> _Given information_:
════════════════════
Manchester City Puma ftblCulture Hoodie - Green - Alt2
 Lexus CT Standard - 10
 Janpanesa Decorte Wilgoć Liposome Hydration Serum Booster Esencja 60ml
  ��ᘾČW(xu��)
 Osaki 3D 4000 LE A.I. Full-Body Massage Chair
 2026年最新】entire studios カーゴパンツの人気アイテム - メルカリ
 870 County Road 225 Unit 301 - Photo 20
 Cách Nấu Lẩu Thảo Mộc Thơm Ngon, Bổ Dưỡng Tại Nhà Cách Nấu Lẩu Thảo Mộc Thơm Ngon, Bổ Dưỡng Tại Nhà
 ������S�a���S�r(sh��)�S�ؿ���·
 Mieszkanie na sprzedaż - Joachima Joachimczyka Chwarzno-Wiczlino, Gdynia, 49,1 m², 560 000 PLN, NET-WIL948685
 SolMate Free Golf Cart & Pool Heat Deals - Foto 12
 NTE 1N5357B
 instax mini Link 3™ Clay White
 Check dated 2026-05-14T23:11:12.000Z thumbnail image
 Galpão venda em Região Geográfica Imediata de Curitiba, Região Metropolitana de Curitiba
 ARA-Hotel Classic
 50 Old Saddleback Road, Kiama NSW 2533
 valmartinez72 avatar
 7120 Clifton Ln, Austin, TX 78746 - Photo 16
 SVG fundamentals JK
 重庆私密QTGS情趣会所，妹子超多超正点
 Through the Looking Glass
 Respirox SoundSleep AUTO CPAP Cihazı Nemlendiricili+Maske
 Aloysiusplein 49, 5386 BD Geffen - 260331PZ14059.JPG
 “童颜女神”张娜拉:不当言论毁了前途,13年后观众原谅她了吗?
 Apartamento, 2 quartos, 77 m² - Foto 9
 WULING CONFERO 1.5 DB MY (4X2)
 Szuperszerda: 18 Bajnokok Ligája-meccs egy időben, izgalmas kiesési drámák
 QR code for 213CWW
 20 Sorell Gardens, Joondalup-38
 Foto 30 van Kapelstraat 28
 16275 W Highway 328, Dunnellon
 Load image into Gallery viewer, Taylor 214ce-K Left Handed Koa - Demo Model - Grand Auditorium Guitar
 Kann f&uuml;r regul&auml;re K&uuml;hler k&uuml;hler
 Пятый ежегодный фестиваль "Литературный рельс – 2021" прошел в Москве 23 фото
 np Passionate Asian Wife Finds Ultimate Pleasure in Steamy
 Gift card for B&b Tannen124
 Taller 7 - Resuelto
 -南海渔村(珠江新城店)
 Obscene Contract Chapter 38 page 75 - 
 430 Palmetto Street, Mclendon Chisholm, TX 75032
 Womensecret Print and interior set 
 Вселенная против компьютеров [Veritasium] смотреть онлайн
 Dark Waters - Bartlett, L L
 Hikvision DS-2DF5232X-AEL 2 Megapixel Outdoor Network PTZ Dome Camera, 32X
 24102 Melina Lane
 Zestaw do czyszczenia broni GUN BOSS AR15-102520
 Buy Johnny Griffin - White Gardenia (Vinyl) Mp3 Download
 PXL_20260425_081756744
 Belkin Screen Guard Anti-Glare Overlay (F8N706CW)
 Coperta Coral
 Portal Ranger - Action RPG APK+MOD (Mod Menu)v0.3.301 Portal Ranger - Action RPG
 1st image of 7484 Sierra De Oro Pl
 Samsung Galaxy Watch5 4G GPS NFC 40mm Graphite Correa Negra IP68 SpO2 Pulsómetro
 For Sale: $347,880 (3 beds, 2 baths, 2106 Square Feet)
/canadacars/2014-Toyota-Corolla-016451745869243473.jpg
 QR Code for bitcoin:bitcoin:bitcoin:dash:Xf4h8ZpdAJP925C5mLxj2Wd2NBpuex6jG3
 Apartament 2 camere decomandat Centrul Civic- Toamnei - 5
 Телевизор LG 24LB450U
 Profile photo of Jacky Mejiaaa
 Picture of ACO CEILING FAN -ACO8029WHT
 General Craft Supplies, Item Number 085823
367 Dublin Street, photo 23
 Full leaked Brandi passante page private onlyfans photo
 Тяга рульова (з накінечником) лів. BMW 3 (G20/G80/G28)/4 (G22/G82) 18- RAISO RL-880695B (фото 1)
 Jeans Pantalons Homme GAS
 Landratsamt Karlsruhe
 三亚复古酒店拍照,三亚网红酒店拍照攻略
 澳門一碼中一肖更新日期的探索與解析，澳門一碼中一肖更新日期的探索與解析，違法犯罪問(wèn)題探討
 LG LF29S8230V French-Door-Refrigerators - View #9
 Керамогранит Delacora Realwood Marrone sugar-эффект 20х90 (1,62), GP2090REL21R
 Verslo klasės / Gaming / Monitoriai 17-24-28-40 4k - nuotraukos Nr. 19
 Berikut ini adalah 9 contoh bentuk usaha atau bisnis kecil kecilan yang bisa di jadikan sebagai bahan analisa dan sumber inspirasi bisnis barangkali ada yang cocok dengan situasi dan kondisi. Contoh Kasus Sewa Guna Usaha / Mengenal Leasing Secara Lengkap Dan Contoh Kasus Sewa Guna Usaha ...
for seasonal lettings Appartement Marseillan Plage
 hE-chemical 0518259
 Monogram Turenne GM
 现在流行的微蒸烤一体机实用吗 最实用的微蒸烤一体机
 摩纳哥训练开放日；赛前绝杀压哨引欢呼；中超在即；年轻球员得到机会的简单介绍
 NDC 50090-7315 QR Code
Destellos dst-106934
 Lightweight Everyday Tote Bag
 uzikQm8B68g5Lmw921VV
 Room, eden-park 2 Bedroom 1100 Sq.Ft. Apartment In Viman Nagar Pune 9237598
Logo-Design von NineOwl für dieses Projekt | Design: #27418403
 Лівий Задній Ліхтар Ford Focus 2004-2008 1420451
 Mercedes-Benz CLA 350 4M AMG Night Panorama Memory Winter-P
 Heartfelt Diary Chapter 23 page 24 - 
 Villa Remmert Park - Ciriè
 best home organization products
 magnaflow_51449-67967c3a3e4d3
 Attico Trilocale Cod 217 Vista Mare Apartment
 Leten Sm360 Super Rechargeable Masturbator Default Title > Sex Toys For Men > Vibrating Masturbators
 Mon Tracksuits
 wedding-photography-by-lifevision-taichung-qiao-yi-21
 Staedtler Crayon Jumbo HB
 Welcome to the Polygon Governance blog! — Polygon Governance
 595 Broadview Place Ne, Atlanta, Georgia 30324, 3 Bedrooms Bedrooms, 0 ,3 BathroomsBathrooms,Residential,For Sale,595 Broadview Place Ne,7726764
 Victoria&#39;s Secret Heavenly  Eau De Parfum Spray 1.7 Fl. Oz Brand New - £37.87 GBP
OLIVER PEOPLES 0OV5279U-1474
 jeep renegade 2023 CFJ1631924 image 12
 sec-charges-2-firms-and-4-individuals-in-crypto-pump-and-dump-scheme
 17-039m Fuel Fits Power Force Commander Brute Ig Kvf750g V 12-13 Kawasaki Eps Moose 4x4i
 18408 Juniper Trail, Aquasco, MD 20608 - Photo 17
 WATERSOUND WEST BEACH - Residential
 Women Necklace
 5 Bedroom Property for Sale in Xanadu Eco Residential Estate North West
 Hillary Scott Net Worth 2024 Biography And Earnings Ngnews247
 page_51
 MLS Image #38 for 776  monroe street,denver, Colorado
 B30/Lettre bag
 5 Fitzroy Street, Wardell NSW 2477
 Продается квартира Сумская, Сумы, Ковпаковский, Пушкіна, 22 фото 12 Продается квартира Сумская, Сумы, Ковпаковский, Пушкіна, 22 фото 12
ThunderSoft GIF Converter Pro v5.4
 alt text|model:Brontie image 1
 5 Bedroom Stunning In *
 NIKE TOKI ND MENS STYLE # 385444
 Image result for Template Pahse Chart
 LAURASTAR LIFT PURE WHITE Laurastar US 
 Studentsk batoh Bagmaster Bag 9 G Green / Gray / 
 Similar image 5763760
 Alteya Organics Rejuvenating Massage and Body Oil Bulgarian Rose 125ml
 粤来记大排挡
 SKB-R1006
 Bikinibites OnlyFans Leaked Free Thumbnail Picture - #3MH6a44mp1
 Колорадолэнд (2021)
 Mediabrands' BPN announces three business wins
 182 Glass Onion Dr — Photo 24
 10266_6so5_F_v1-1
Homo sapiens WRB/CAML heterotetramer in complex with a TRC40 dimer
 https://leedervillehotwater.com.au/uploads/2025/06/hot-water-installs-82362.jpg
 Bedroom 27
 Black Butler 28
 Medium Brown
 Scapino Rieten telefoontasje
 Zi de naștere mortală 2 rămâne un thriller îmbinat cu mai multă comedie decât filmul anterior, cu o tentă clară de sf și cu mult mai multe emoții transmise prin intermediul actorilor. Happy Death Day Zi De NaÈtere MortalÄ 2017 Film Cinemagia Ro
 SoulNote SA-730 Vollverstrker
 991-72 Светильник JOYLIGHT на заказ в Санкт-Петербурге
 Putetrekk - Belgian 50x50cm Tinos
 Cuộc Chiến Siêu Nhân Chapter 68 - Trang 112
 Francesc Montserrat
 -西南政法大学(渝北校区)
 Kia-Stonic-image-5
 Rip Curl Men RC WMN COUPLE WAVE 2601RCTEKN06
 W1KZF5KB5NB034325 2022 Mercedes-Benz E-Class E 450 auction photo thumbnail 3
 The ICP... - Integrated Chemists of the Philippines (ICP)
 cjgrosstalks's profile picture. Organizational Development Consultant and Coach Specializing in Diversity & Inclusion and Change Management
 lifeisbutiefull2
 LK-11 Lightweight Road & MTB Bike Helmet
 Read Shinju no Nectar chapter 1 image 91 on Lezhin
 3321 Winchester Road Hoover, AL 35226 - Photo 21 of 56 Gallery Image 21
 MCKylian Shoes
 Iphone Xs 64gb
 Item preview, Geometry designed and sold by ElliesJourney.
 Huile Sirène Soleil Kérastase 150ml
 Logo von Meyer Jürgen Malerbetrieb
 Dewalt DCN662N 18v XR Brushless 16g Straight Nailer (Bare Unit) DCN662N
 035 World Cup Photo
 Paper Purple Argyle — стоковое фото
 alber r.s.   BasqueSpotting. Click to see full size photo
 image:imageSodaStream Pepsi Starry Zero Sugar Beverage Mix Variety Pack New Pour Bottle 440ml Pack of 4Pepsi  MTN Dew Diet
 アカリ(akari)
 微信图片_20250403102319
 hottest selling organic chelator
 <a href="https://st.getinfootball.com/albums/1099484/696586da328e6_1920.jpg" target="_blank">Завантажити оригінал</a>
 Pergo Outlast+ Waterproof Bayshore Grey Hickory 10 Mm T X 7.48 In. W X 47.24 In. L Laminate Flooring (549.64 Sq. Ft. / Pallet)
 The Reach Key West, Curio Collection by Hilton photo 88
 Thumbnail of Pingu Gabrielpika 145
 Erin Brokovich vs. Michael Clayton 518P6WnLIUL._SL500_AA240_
════════════════════
> _Work item_: Above are the records. Print exactly, and only, the lines from the line with "W1KZF5KB5NB034325 2022 Mercedes-Benz" to the line with "The ICP... - Integrated", both inclusive.

> _Result of this task_:
 W1KZF5KB5NB034325 2022 Mercedes-Benz E-Class E 450 auction photo thumbnail 3
 The ICP... - Integrated Chemists of the Philippines (ICP)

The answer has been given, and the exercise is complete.